**EXERCISE PROMPT:** Output all of the data below without changing a word, and exclude the pictures.

**EXERCISE DATA:**
■ ■ ■ ■ ■

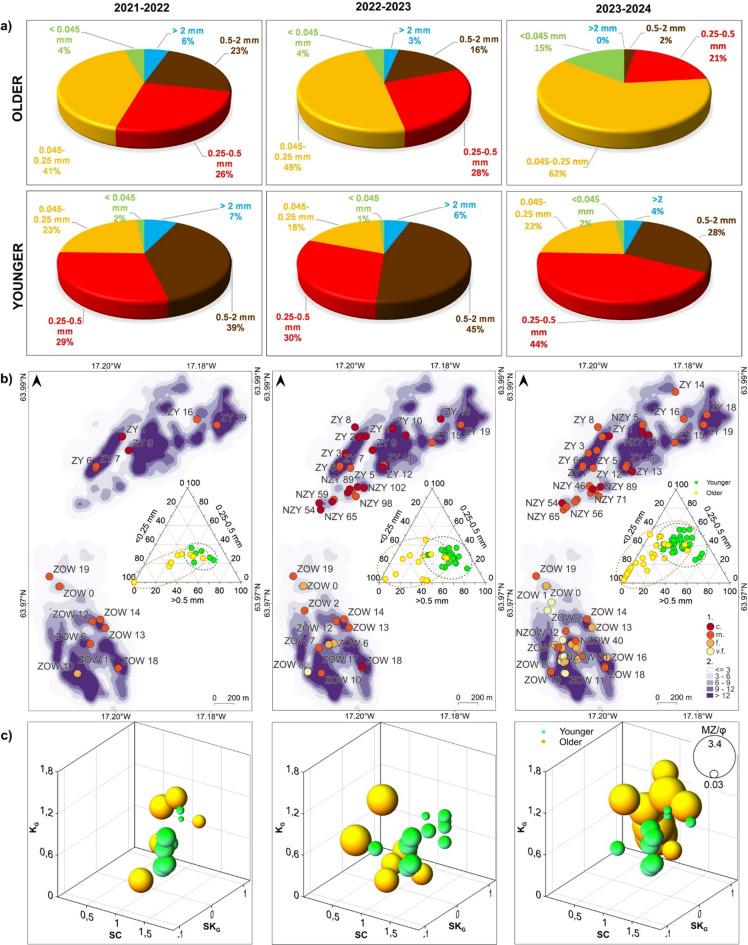 https://cdn.ncbi.nlm.nih.gov/pmc/blobs/f269/12217208/e416a7008644/41598_2025_7346_Fig4_HTML.jpg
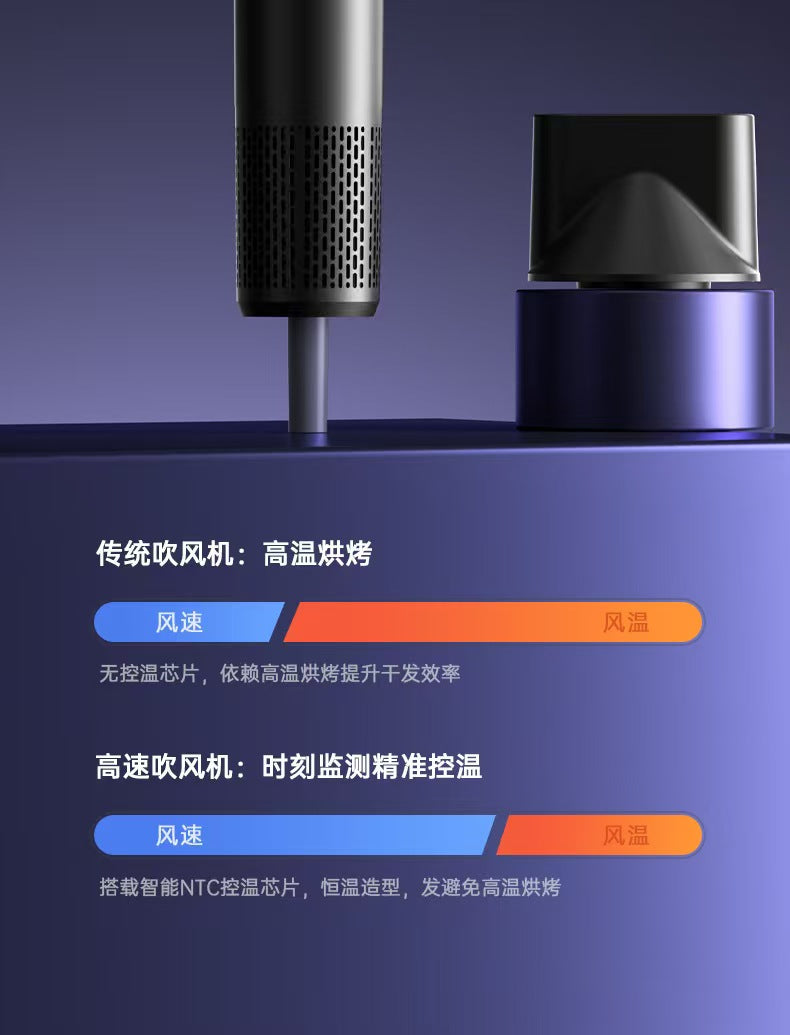 Cookbay高速干发机 控温对比条形图与磁吸风嘴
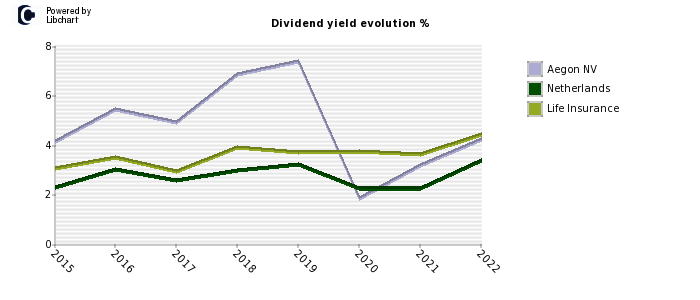 Aegon NV stock dividend history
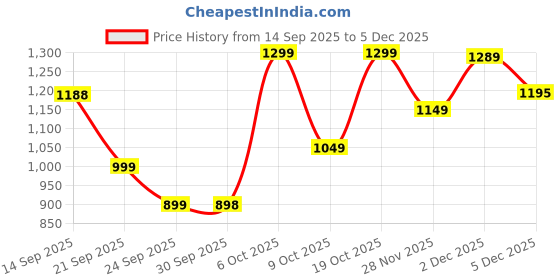 myntra.com KALINI Blue Printed Silk Blend Sarees kalini Price History Graph from 14 Sep 2025 to 5 Dec 2025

■ ■ ■ ■ ■

**SOLUTION TO THIS EXERCISE:**
 https://cdn.ncbi.nlm.nih.gov/pmc/blobs/f269/12217208/e416a7008644/41598_2025_7346_Fig4_HTML.jpg
 Cookbay高速干发机 控温对比条形图与磁吸风嘴
 Aegon NV stock dividend history
 myntra.com KALINI Blue Printed Silk Blend Sarees kalini Price History Graph from 14 Sep 2025 to 5 Dec 2025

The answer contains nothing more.